The Clear Creek train trestle in the Feather River Canyon serves as the cover photo for the state’s report on oil rail safety, which covers concerns for both urban and rural areas. The Canyon corridor is identified as one of two high-hazard areas.
Debra Moore
Staff Writer

From pipeline to railcar, the nation’s oil companies are making a transition that has federal, state and local officials worried about public safety and environmental disasters.

And that worry extends right here to Plumas County where the threat of disaster is literally rolling through town.

The Burlington Northern Santa Fe is carrying tanks of Bakken crude oil on its line that runs along the east shore of Lake Almanor to Greenville and then down the Feather River Canyon.

Bakken oil, a product obtained through fracking, is considered more volatile than other forms of crude oil.

The oil’s danger was revealed during last July’s accident in Lac-Mégantic, Quebec, where half of the town was leveled and 47 people killed when 63 tank cars of oil exploded during a derailment.

As the United States shifts from external sources of oil, and oil companies embrace the flexibility that rail provides, the amount of oil delivered by rail has increased dramatically.

According to the Association of American Railroads, trains transported 97,135 carloads of crude oil during the first quarter of 2013, which was a 166 percent increase from the first quarter in 2012, and 922 percent more than for all of 2008.

As crude shipments have increased so have spills and derailments.

According to the Office of Hazardous Materials Safety, nationally more crude oil was spilled in rail accidents in 2013 than was spilled in the nearly four decades prior.

In California, incidents involving oil carried by rail increased from three in 2011 to 25 in 2013, with 24 to date this year.

The reasons for the accidents vary, but include track failure, inadequate rail car equipment and human error.

Given that more oil is being carried by rail, and incidents involving oil are increasing, jurisdictions are responding.

Report names Plumas

In the just-released report “Oil by Rail Safety in California” a task force representing a host of state agencies studied the situation and singled out their areas of chief concern, general safety issues and remedies.

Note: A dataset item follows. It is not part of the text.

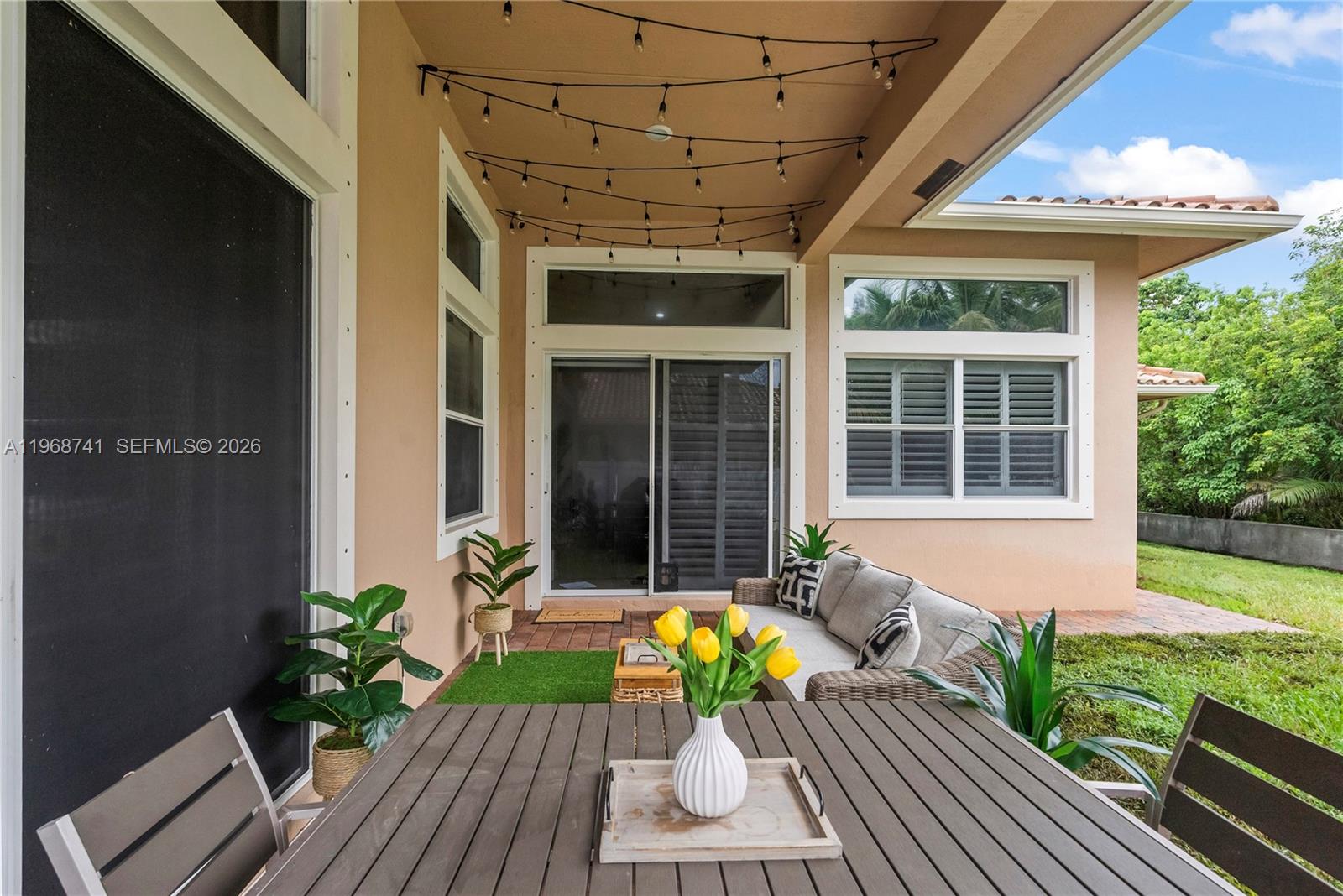 ZARBAFI ESTATES - Residential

“In California, trains transporting crude oil are expected to travel via the Feather River or Donner Pass to the Bay Area, the Tehachapi Pass to Bakersfield, or into Los Angeles. As a result, they will travel through some of the state’s most densely populated areas, as well as some of the most sensitive ecological areas, since rail lines frequently operate near or over rivers and other sensitive waterways in the state,” reads the report.

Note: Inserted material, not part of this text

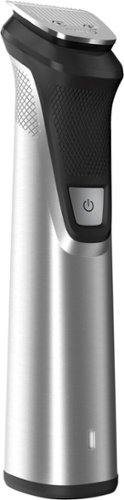 Philips Norelco Multigroom 7000 Trimmer - Silver HOW TO BUY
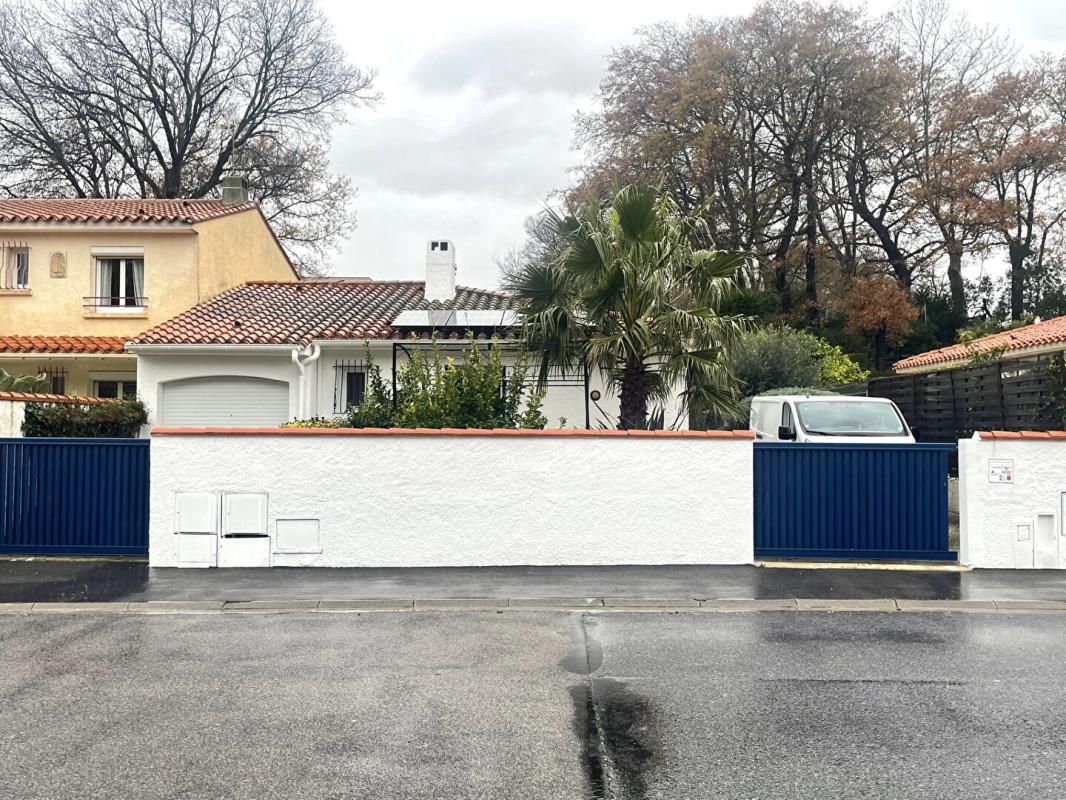 Maison Perpignan 3 pièce(s) 92 m2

It continues: “The high hazard areas for derailment are generally located with high natural resources vulnerability and nearby waterways (e.g. Dunsmuir, the Feather River Canyon).”

In analyzing the risk in these high-hazard areas, the report focuses on the need to support first responders.

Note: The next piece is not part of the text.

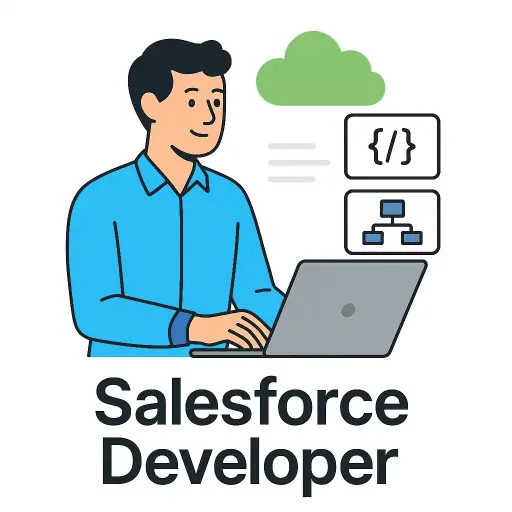 Salesforce Developer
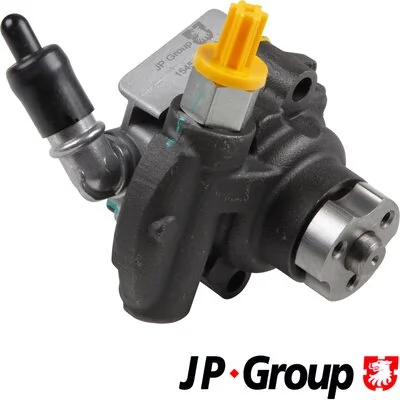 Hydraulic Pump, steering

“According to a recent analysis conducted by OES (Office of Emergency Services), numerous local response offices lack adequate resources to respond to oil by rail accidents. Many of these first responders are in rural areas, such as Plumas, Siskiyou and Modoc counties, where some of the highest-risk rail lines are and some of our most pristine natural resources are located. Additionally, many of these areas have little or no funding for firefighters and rely on volunteer firefighters.”

County response

Jerry Sipe, the county’s OES director, has been working with railroad representatives and local fire departments.

“We are trying to be proactive,” Sipe said, adding that the threat of a spill is a very real possibility.

“We’ve had some pretty large derailments,” Sipe said, recalling one caused by falling rock as the train passed by.

In areas prone to falling rocks wire mesh has been installed designed to stop the rocks and trigger an alarm when a slide occurs.

Sipe is working with Butte County to develop a joint plan for dealing with a Canyon derailment.

And he is working with fire departments to ensure that the necessary training is provided.

One of Sipe’s concerns is the volatility of the Bakken oil and that there is no marking on the train car to alert emergency responders.

“It comes in a crude (oil) container, but it behaves more like gasoline,” he said. Since both types of oil will be carried, Sipe said firefighters will have to take a defensive approach when they respond.

Labeling containers is one of the many safety recommendations the state is asking the rail lines to implement.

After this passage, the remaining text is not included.